▸ Task directions: Transcribe all data verbatim. Skip the pictures.

--- The input ---

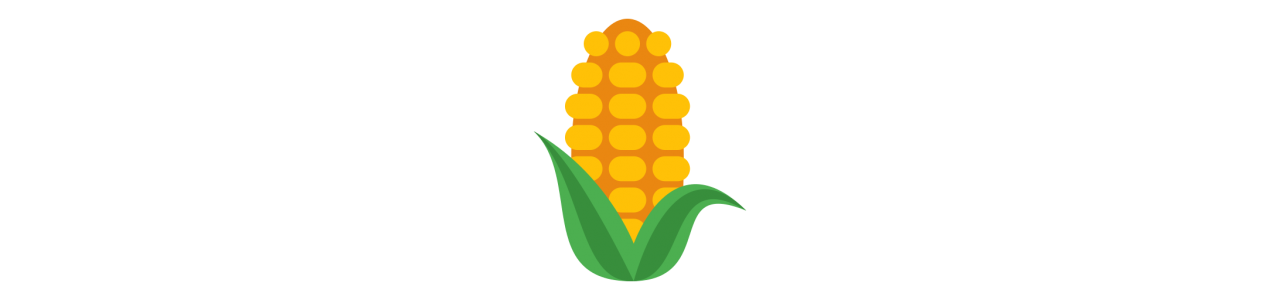 Pop Corn maskotter - Maskotkostume -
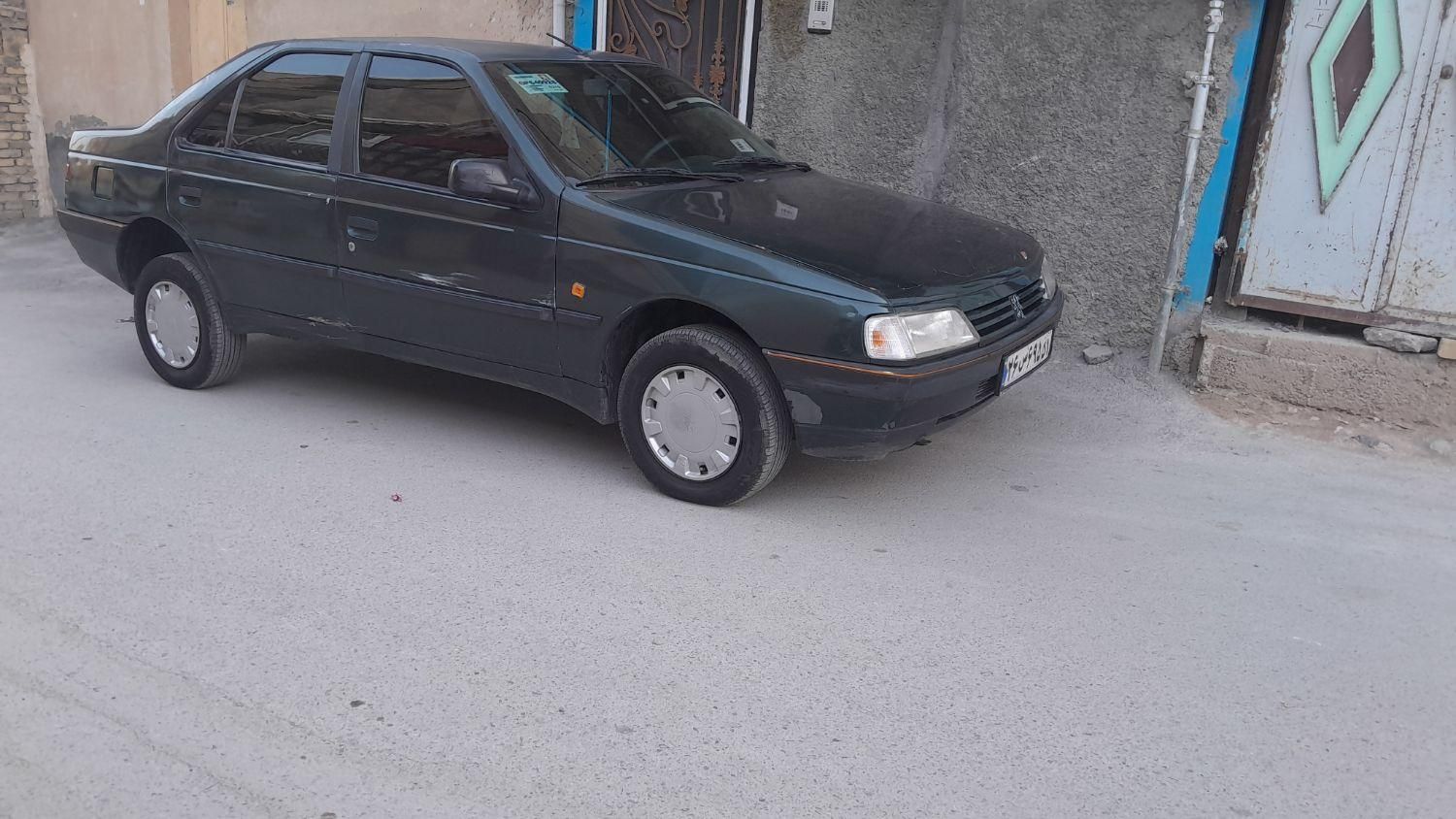 پژو 405 GLI - 1383
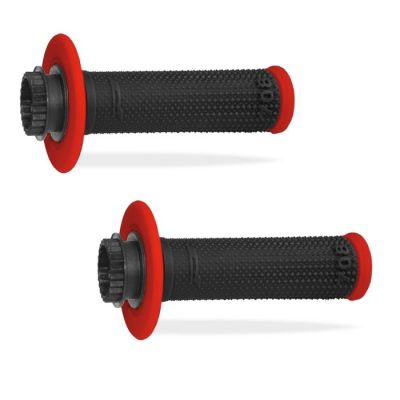 Pro Grip Puños 708 Lock-On incluyo tubo acelerador de fibra de carbono - Imagen 4
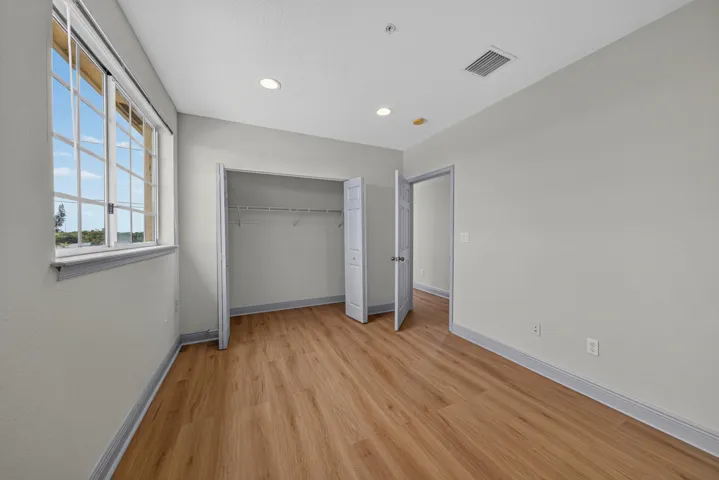 Fourth Floor Bedroom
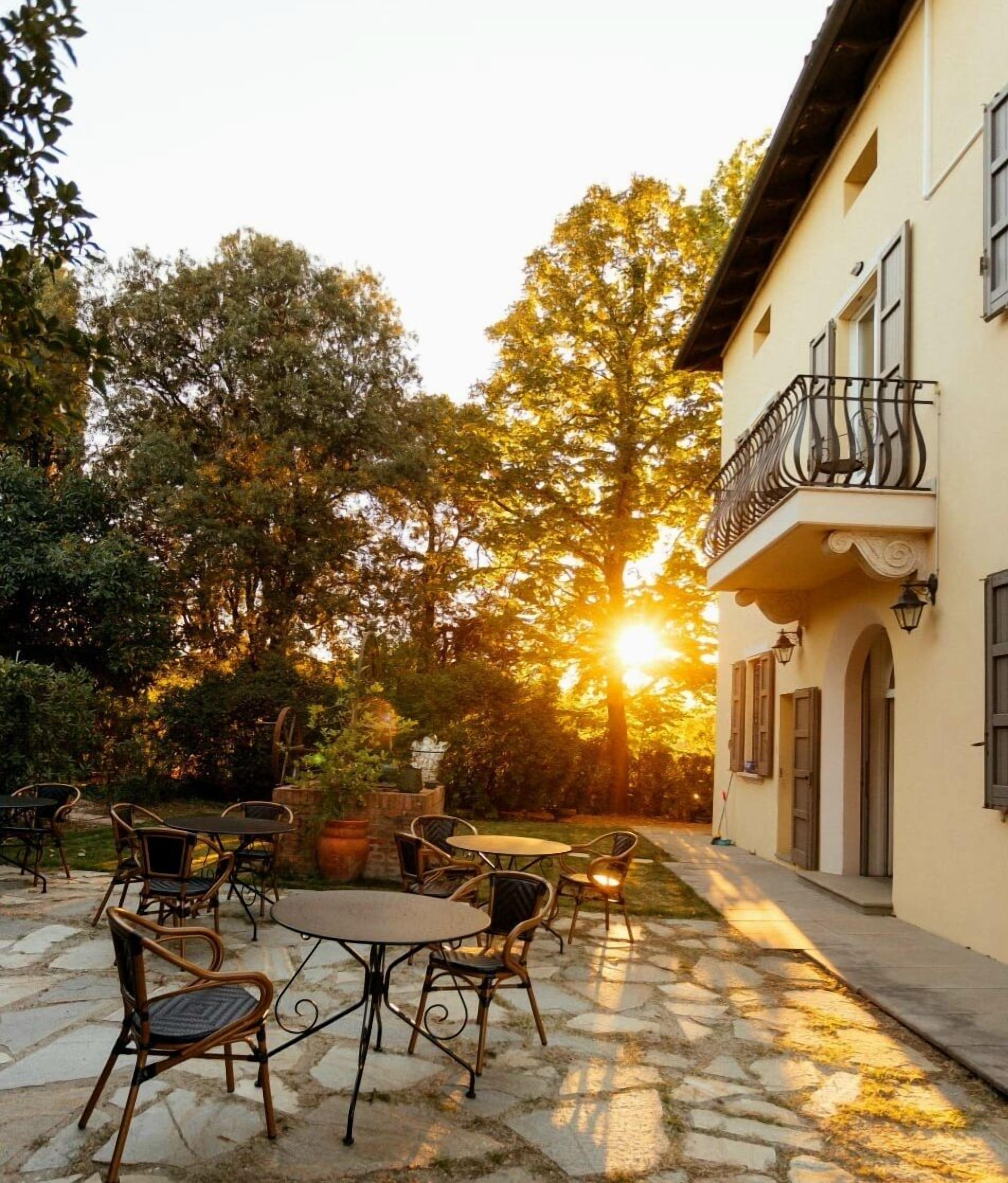 Tägliches inbegriffenes Frühstücksbuffet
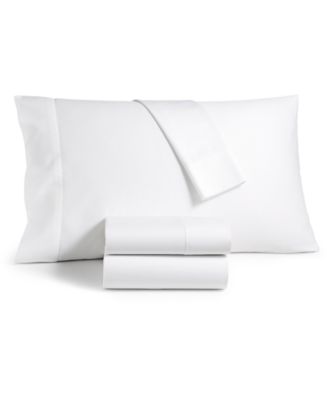 680 Thread Count 100% Supima Cotton Sheet Set, King, Exclusively at Macy’s
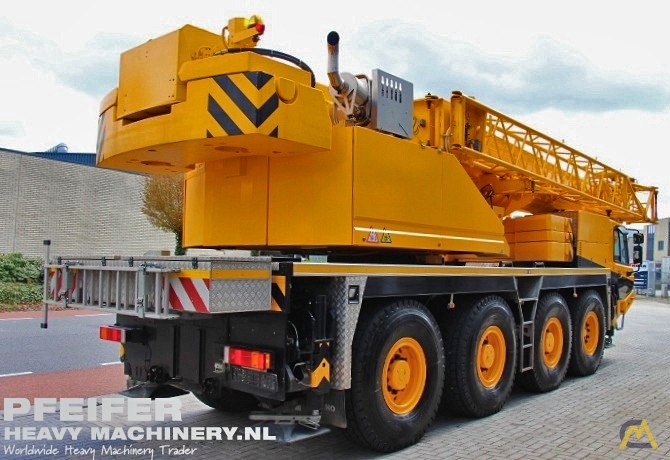 Tadano-Faun ATF 70G-4 70-Ton All Terrain Crane For Rent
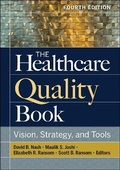 Cover: The Healthcare Quality Book - Health Administration Press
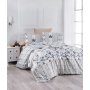 L`ESSENTIEL MAISON Ranforce posteljina (160x220) Oak - slika 1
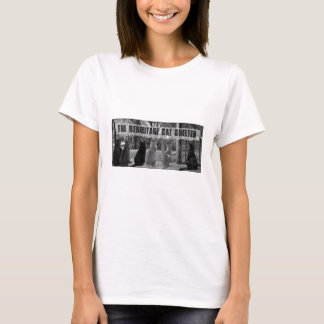 Einsiedlerei-Damen-angepasster T - Shirt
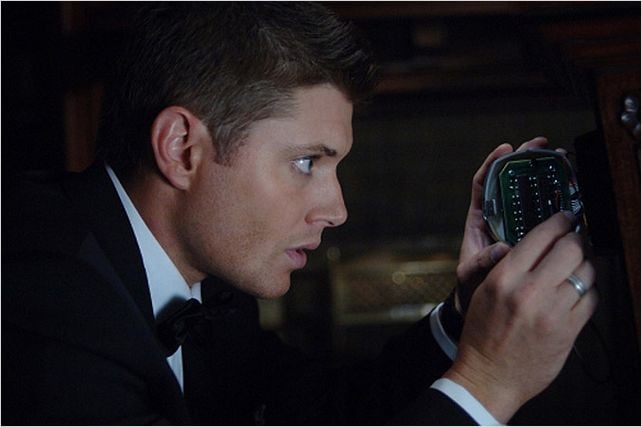 Supernatural : photo Jensen Ackles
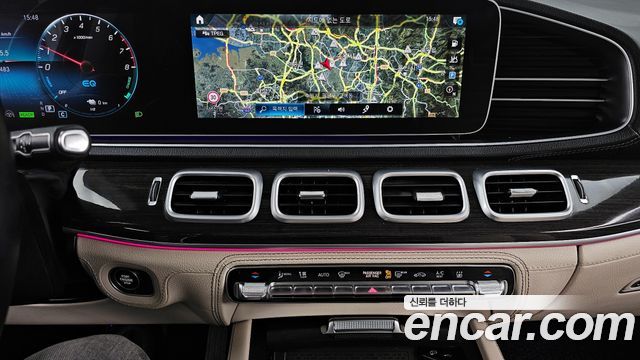 Mercedes-Benz GLE-Class GLE350e 4MATIC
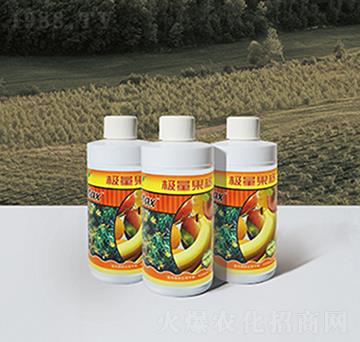 果樹專用葉面肥-極量果樹-格魯克
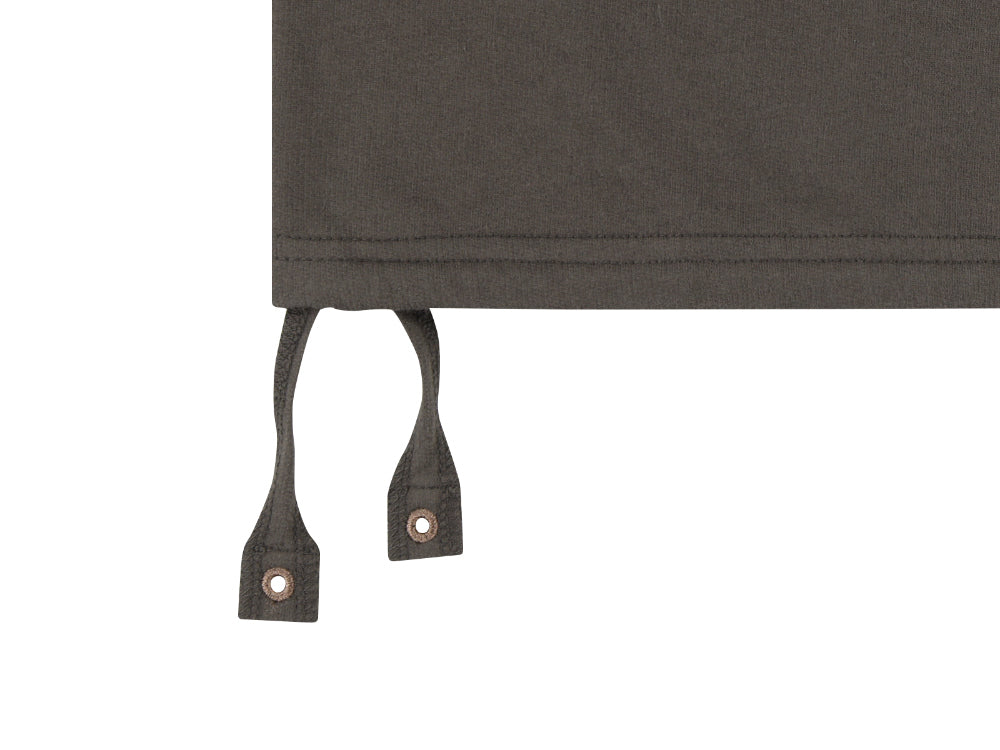 Coyseio - Drawstring Long Sleeve (Charcoal) product image 16 | TRAB K-Fashion Australia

---

▸ Finished task:
 Pop Corn maskotter - Maskotkostume -
 پژو 405 GLI - 1383
 Pro Grip Puños 708 Lock-On incluyo tubo acelerador de fibra de carbono - Imagen 4
 Fourth Floor Bedroom
 Tägliches inbegriffenes Frühstücksbuffet
 680 Thread Count 100% Supima Cotton Sheet Set, King, Exclusively at Macy’s
 Tadano-Faun ATF 70G-4 70-Ton All Terrain Crane For Rent
 Cover: The Healthcare Quality Book - Health Administration Press
 L`ESSENTIEL MAISON Ranforce posteljina (160x220) Oak - slika 1
 Einsiedlerei-Damen-angepasster T - Shirt
 Supernatural : photo Jensen Ackles
 Mercedes-Benz GLE-Class GLE350e 4MATIC
 果樹專用葉面肥-極量果樹-格魯克
 Coyseio - Drawstring Long Sleeve (Charcoal) product image 16 | TRAB K-Fashion Australia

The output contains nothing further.